Structural studies in nucleic acid chemistry by mass spectrometry

This dissertation is composed of three major topics: the structure determination, principally by mass spectrometry, of a new nucleotide antibiotic, phosmidosine; a comparative study of high and low energy collision-induced dissociation (CID) of dinucleoside monophosphate ions; and the results of which are applied to the identification of 2'-O-methyllribonucleotidylyl ribonucleosides formed by ribonuclease T2 digestion of tRNA. The structure determination of phosmidosine was complicated by chemical instability and the presence of impurities in the isolate. The necessity of isolating the phosmidosine was circumvented by using tandem mass spectrometry (MS/MS), and liquid chromatography-mass spectrometry (LC/MS). The majority of MS/MS experiments were performed on the isopropylidene derivative because of increase sample ion abundance from fast atom bombardment (FAB). The structure of the nucleoside, produced from phosimdosine by base hydrolysis, was confirmed by comparing LC/MS and gas chromatography-mass spectrometry data to that of synthetic 8-hydroxyadenosine. The phosmidosine isolate also contained two homologs and an isomer that were characterized.
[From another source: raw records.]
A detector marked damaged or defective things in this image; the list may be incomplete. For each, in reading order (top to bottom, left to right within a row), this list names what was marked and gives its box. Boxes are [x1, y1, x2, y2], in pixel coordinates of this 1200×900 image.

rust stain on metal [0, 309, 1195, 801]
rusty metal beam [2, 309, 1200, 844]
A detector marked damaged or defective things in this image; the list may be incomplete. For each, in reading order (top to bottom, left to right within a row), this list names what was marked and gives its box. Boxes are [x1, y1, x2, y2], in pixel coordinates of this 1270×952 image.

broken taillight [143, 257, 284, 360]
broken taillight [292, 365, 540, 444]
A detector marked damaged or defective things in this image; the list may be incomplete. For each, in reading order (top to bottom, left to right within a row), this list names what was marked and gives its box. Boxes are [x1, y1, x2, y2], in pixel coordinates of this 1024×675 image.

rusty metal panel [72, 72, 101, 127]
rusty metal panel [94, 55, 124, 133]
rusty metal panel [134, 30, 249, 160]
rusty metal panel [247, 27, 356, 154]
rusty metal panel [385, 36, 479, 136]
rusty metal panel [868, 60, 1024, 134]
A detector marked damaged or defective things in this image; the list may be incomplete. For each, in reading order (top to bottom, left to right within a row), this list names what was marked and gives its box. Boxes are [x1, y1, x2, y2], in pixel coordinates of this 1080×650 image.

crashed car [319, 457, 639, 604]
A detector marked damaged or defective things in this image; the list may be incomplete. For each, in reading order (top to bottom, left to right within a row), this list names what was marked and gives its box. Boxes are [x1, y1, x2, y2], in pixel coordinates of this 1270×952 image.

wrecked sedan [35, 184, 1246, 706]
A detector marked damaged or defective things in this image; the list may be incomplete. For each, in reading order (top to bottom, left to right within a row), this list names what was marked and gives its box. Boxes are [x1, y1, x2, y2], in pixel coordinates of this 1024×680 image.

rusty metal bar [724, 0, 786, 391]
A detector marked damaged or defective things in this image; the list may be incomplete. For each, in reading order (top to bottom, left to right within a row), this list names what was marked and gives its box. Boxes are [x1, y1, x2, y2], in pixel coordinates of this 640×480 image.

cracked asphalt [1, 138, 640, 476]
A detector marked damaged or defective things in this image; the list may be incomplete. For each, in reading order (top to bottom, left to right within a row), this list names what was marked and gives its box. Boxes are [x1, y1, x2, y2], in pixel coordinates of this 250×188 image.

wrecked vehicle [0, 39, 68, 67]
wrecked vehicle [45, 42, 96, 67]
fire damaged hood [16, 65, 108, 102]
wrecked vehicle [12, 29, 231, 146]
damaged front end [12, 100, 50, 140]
Although there have been studies of high energy CID of negative ions from dinucleoside monophosphates, previous examination of positive or negative ions from dinucleoside monophosphates by low energy CID has not been reported. Low energy CID spectra were obtained for all common heterodinucleoside monophosphates and three 2'-O-methlribonucleotidylyl ribonucleosides. It was established that a dinucleoside monophosphate sequence could be determined by comparing nucleoside base ion peak height in the CID mass spectra of (M-H)¯, and that ion m/z 81 (C5H5O+) from deoxyribo- or m/z 97 (C5H5O+) from ribodinucleoside monophosphates, predominantly produced from the 3'-terminus nucleoside sugar, is observed in all CID mass spectra of MH+ from dinucleoside monophosphates. 2'-O-Methylribonucleotidylyl found in RNase T2 digested RNA can be identified directly from the digest by using precursor ion scans of m/z 97, and product ion mass spectra provide conformation and sequence information. This is of interest because 2'-O-methylribonucleotidylyl ribonucleosides often poses an special problem for RNA sequencing because of their stability against chemical and enxymatic hydrolysis.